- Location: 68 Camden Park Road
- Coordinates: 51°24′38″N 0°03′41″E﻿ / ﻿51.410571°N 0.061435°E
- Built: 1899
- Built by: William Willett
- Architect: Ernest Newton

= Derwent House =

Derwent House, on Camden Park Road, Chislehurst, Bromley, is one of a number of the locally renowned 'Willett-built' houses erected on the Camden Park Estate by high-class speculative builder William Willett in the 1900s.

Willett bought the entire estate in 1890 with the intention of building on it all but the venture was not successful and he erected only a small number of houses there and on Wilderness Road. The remainder of the estate became the Chislehurst Golf Club with the mansion, Camden Place, becoming its clubhouse.

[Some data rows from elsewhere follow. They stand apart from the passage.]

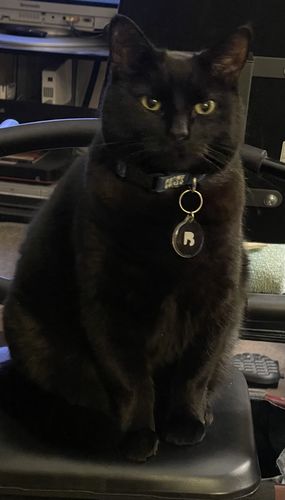 Customer photo review of Black Cat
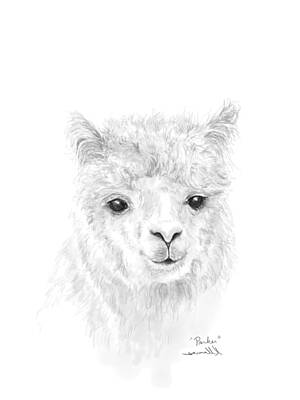 Recently Sold - Mammals Drawings - Parker by Kristin Llamas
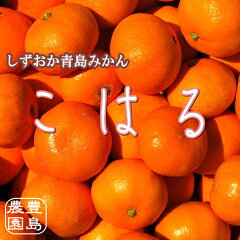 https://thumbnail.image.rakuten.co.jp/@0_mall/toyoshima-nouen/cabinet/img60611013.jpg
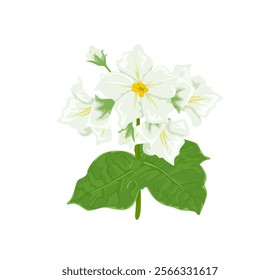 Flowering potato plant. Vector cartoon illustration of blooming potato isolated on white background. 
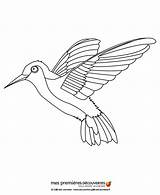 Colibri Pajaros Coloriages Colibrí Animaux Hellokids Hummingbird sketch template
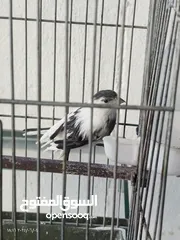  2 فحول نار وجواز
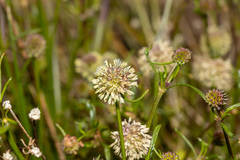 Opercularia scabrida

Derwent House was erected in 1899. The design is inspired by the Arts and Crafts movement. It is of red brick in with a red clay tiled roof. It was designed by Ernest Newton and a ballroom was added in 1903 by Amos Faulkner (Willett's in-house architect). Faulkner also designed the detached motor house with carriage-wash canopy. Derwent is a Grade II listed building located within the Chislehurst Conservation Area. Willett lived in a similar Newton house further along at 88 Camden Park Road. A blue plaque on that building commemorates Willett as the promoter of daylight saving time.